Summary

Our Score

7/10

Review Price £84.95

Okay, okay, we know it's a bit silly: a DAB radio that looks like a guitar amp. But, if you're looking for a fun gift for a rock-lovin' friend or family member or just need something to finish off you're home studio in style, this radio could be right up your street. Pure is one of the most respected manufacturers of compact desktop DAB radios, producing as it does well made, decent sounding, and above all easy to use products like the Pure Evoke Flow and Pure Evoke 3. Meanwhile Marshall Amps has been producing some of the world's finest guitar amplifiers and speaker cabinets for over 50 years. With that sort of heritage, what can go wrong?

The styling of the Pure Evoke-1S Marshall is obviously an homage to the classic Marshall amp look with black vinyl covering, big chunky plastic corner protectors, a large rubber handle, white Marshall logo, and gold hardware.

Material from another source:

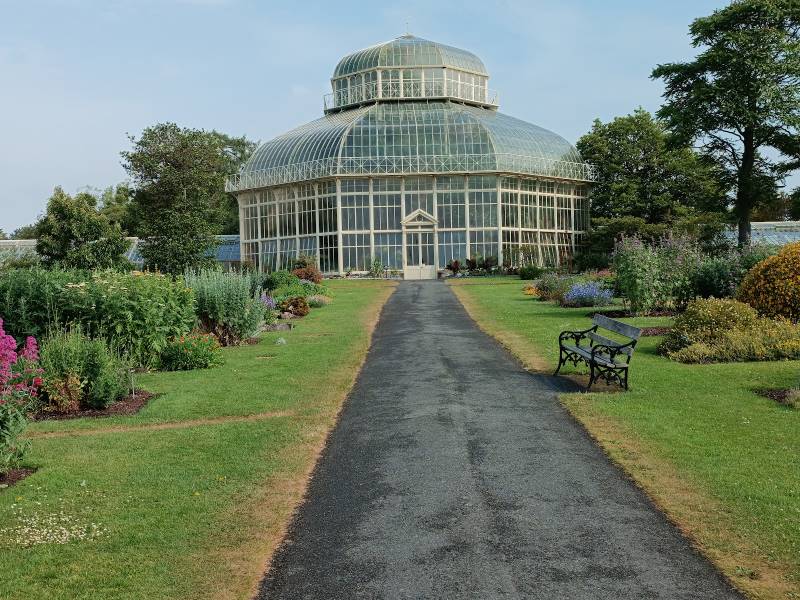 Dublin_National_Botanic_Gardens_1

It's certainly not going to be to everyone's taste but within the confines of making a radio that looks like a Marshall amp, it's about as good as we would expect.

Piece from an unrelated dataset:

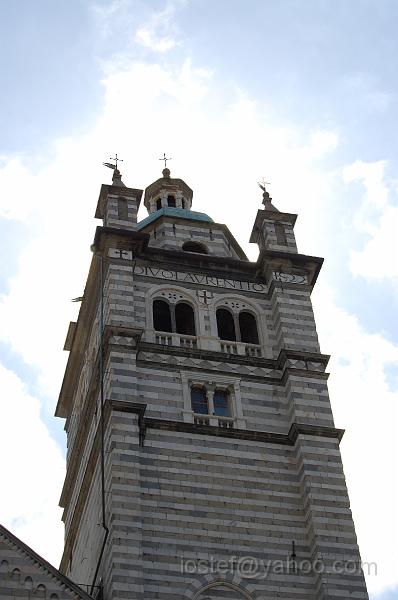 DSC_0318.JPG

Build quality, though, is not up for debate. Just as the company's amps are built to survive a life on the road, so the Evoke-1S Marshall is equipped to brush aside all that a kitchen window sill or shed shelf can meter out. Those corner protectors should save this radio from any severe damage from falls, unless you're unfortunate enough to have it land straight on one of the knobs. Meanwhile the tough yet soft vinyl does a good job of absorbing and disguising any minor knocks, and is wipeclean.

On the underside are four rubber feet that will stop anything scratching the radio and stop the radio from fighting back. As for that rubber handle, it looks and feels identical to those used on full size Marshall Amps, which are quite capable of taking the weight of a 30Kg amp, so this radio's mere 2.2Kg should cause it no problems.

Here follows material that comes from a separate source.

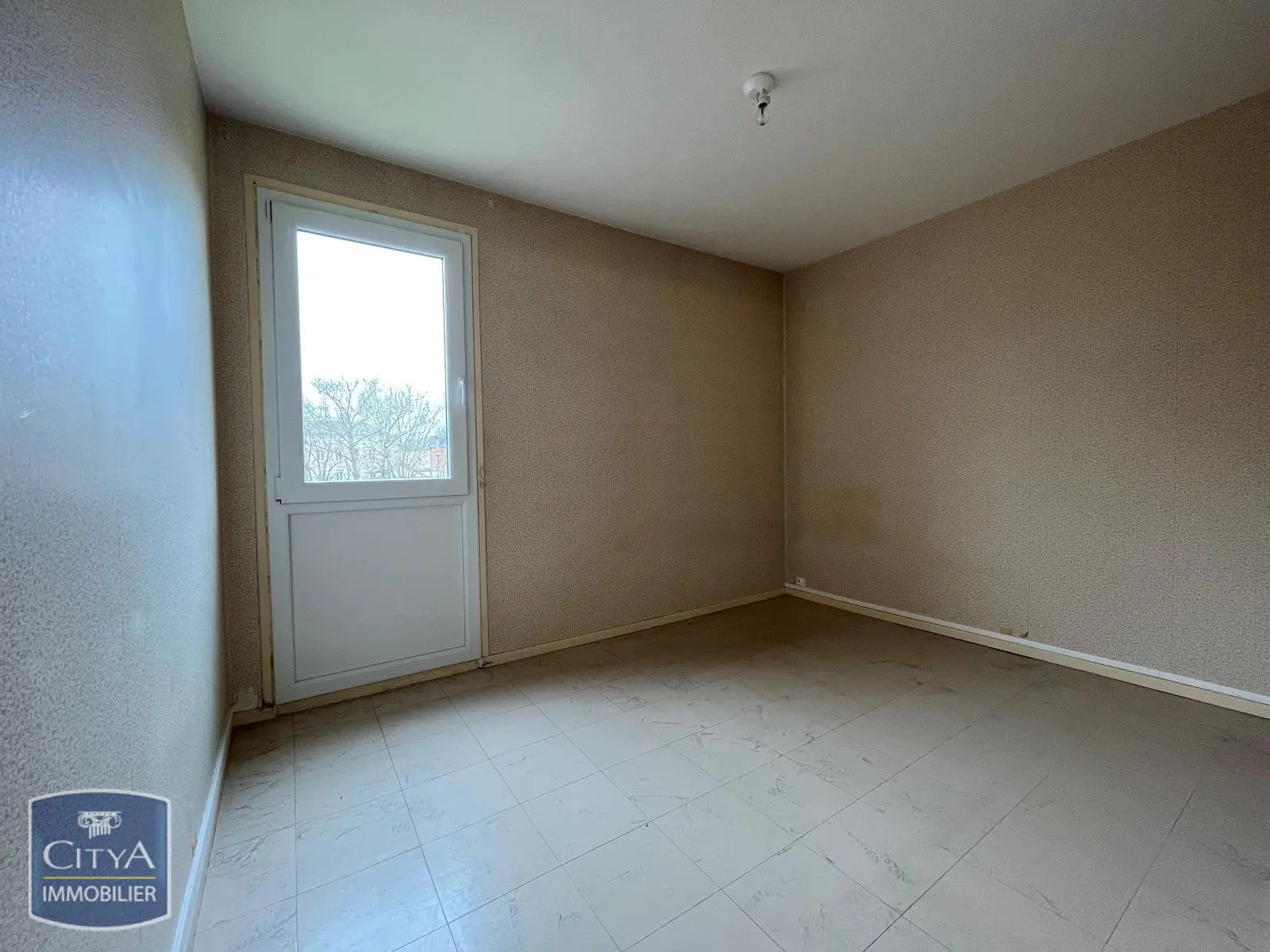 Photo 3 appartement La Fère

The only slight let down with regards fit and finish is the plastic control panel section. While the gold sections are brass (hmmm, oxymoronic), the surrounding black sections are plastic. It still looks okay and is by no means something to get hung up on but it's worth noting.

Round the back is the telescopic aerial, the battery compartment and a number of the ports. From left to right there's a USB socket that can be used to update the devices firmware, an auxiliary speaker output for adding stereo sound via a matching second speaker (the S-1, available for £35), a headphone output, a line-level output, a line-level auxiliary input, and of course power. One annoyance with Pure radios is their use of a proprietary battery pack, rather than just normal AAs or such like. However, the optional battery pack will get you 24 hours of portable listening.

Under all this Marshall clothing sits an otherwise bog standard Pure Evoke-1S DAB radio. So you get the ability to tune into DAB and FM stations with up to 30 station presets shared between the two types. Five of these presets can be accessed directly via the buttons on the front while pressing the 6+ button will bring up a list of the other 25 presets that you can then scroll through.